“You can’t completely trust anyone who’s not a communist,” says Jim Crotty.
No you can’t — except one is often inclined to let the trust extend a generation down. Case in point: A. Hiring A. was, for better or worse, probably my biggest single contribution to the Working Families Party in my five years there. But the guy was a puzzle — his vibe was pure corporate-pragmatic — “we don’t really believe our own propaganda, do we?” he’d say — and yet he’d left a successful and presumably lucrative career in business (he’d been, inter alia, general counsel at the teen clothing chain Delia’s) to do grunt work in left-wing politics. And he was good at it!

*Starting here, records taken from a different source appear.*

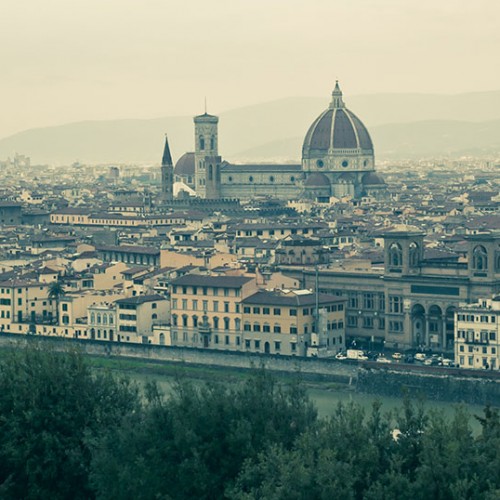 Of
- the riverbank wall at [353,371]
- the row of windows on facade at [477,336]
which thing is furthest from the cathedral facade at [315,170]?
the row of windows on facade at [477,336]

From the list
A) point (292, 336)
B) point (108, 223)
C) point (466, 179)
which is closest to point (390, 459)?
A: point (292, 336)

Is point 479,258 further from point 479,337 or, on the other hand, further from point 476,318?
point 479,337

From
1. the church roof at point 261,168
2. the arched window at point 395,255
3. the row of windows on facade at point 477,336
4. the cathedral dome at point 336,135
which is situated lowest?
the row of windows on facade at point 477,336

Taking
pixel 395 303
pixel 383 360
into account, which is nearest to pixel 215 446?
pixel 383 360

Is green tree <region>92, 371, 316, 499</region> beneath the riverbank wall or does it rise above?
above

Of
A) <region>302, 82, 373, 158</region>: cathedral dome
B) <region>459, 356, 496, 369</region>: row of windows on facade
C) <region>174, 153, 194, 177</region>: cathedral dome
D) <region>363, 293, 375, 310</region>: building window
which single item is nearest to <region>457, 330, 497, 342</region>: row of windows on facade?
<region>459, 356, 496, 369</region>: row of windows on facade

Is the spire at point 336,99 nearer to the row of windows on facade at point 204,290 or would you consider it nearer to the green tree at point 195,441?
the row of windows on facade at point 204,290

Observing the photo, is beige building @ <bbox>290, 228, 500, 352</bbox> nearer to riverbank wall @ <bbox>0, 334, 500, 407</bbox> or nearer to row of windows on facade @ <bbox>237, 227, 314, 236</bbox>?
riverbank wall @ <bbox>0, 334, 500, 407</bbox>

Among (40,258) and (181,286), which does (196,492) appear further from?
(40,258) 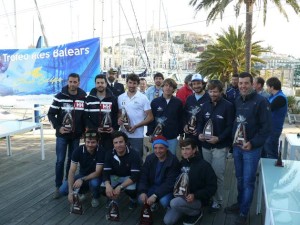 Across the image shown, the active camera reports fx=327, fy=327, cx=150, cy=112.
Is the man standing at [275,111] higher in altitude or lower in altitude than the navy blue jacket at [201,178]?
higher

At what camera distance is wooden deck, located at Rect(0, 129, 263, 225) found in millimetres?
4043

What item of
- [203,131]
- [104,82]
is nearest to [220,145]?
[203,131]

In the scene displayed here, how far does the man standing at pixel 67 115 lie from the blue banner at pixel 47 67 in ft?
12.3

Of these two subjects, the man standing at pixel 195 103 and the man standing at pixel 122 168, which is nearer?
the man standing at pixel 122 168

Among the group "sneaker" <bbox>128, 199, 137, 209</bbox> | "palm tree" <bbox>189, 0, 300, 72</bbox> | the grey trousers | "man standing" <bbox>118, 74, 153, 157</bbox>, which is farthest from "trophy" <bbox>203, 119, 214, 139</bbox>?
"palm tree" <bbox>189, 0, 300, 72</bbox>

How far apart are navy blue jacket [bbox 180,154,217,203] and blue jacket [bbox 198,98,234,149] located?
36cm

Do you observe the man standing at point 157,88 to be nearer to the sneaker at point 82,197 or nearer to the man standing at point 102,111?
the man standing at point 102,111

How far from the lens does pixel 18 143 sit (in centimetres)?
834

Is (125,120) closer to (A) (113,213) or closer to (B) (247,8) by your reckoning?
(A) (113,213)

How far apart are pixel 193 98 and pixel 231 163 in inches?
98.8

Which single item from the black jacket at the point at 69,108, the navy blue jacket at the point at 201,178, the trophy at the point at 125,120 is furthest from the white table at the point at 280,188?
the black jacket at the point at 69,108

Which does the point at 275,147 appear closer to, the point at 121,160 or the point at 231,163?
the point at 231,163

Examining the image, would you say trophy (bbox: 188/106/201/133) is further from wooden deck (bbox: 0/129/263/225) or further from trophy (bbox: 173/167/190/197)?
wooden deck (bbox: 0/129/263/225)

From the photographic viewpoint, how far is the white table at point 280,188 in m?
2.62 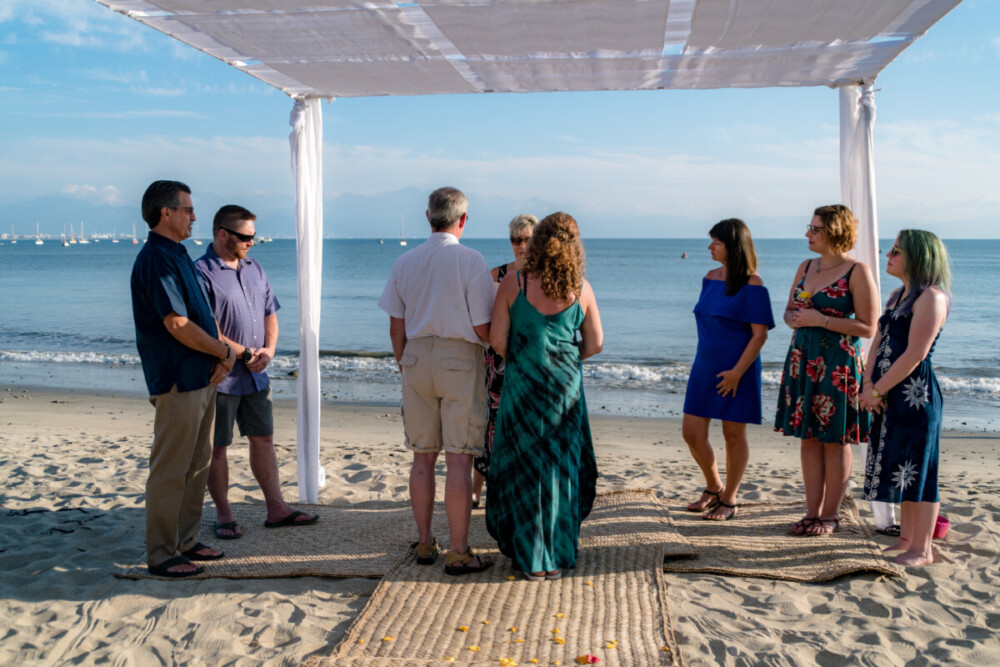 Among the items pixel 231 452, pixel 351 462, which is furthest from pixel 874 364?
pixel 231 452

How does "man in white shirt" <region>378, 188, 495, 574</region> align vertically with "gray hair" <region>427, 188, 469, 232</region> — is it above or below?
below

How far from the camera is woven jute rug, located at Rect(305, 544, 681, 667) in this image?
286 cm

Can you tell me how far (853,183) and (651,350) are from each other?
12.1m

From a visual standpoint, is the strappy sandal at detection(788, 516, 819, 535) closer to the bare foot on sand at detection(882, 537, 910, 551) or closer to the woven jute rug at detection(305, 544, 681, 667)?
the bare foot on sand at detection(882, 537, 910, 551)

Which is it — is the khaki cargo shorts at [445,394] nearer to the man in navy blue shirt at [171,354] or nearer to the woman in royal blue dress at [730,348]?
the man in navy blue shirt at [171,354]

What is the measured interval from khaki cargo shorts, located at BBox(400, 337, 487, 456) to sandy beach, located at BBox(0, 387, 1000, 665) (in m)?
0.80

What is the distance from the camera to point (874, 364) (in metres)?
3.85

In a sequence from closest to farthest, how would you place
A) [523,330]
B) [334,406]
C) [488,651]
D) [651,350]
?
1. [488,651]
2. [523,330]
3. [334,406]
4. [651,350]

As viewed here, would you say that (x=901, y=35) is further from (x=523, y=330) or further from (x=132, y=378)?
(x=132, y=378)

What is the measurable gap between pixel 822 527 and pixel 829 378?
86 centimetres

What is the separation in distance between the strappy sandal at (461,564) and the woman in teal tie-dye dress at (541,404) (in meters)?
0.16

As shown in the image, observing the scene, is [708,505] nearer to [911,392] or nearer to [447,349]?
[911,392]

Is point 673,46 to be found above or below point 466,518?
above

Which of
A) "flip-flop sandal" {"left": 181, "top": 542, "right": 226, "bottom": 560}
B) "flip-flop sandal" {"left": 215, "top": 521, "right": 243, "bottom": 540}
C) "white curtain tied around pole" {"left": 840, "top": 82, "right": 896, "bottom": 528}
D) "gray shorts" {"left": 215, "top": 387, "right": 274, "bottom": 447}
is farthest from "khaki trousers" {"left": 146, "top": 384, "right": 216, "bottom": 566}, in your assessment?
"white curtain tied around pole" {"left": 840, "top": 82, "right": 896, "bottom": 528} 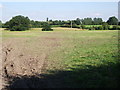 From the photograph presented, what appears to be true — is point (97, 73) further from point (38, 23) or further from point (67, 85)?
point (38, 23)

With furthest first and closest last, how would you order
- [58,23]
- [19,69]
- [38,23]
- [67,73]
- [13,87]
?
[58,23], [38,23], [19,69], [67,73], [13,87]

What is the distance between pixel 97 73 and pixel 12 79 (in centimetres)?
Answer: 323

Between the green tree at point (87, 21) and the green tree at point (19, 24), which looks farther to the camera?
the green tree at point (87, 21)

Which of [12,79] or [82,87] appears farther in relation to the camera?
[12,79]

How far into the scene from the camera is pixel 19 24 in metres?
73.3

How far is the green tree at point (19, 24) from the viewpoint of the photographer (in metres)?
72.8

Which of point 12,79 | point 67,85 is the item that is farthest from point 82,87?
point 12,79

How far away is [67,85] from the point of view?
7160 mm

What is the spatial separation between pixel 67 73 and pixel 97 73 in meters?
1.18

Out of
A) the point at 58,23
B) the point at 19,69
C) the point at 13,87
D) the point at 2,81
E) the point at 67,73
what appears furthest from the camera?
the point at 58,23

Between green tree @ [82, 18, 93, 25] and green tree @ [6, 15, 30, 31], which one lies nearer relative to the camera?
green tree @ [6, 15, 30, 31]

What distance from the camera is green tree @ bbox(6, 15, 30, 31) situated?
7275cm

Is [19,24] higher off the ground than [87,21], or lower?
lower

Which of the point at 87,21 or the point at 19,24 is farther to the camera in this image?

So, a puzzle. So one day, driving back from Albany, E.B. and I started asking him about his background, where his politics came from. And come to find out, A.’s father was a Chilean communist, who’d fled the country after the coup against Allende. We looked at each other as if to say: Well, now it makes sense.
(EDIT: Names changed to abbreviations because these folks still work in politics and possibly don’t want to be outed as crypto-commies. Lame, I know.)
I didn't know you'd worked for the WFP, JW! I spent a summer interning for the nascent New Party back in the early 1990s. Small world!
(FWIW, I encountered an odd mix of domestic red-diaper babies while working for the NP)
As WFP bossman Dan Cantor always says, "Not small world, small left."
Glad you clicked through here. I always enjoy your comments on CT.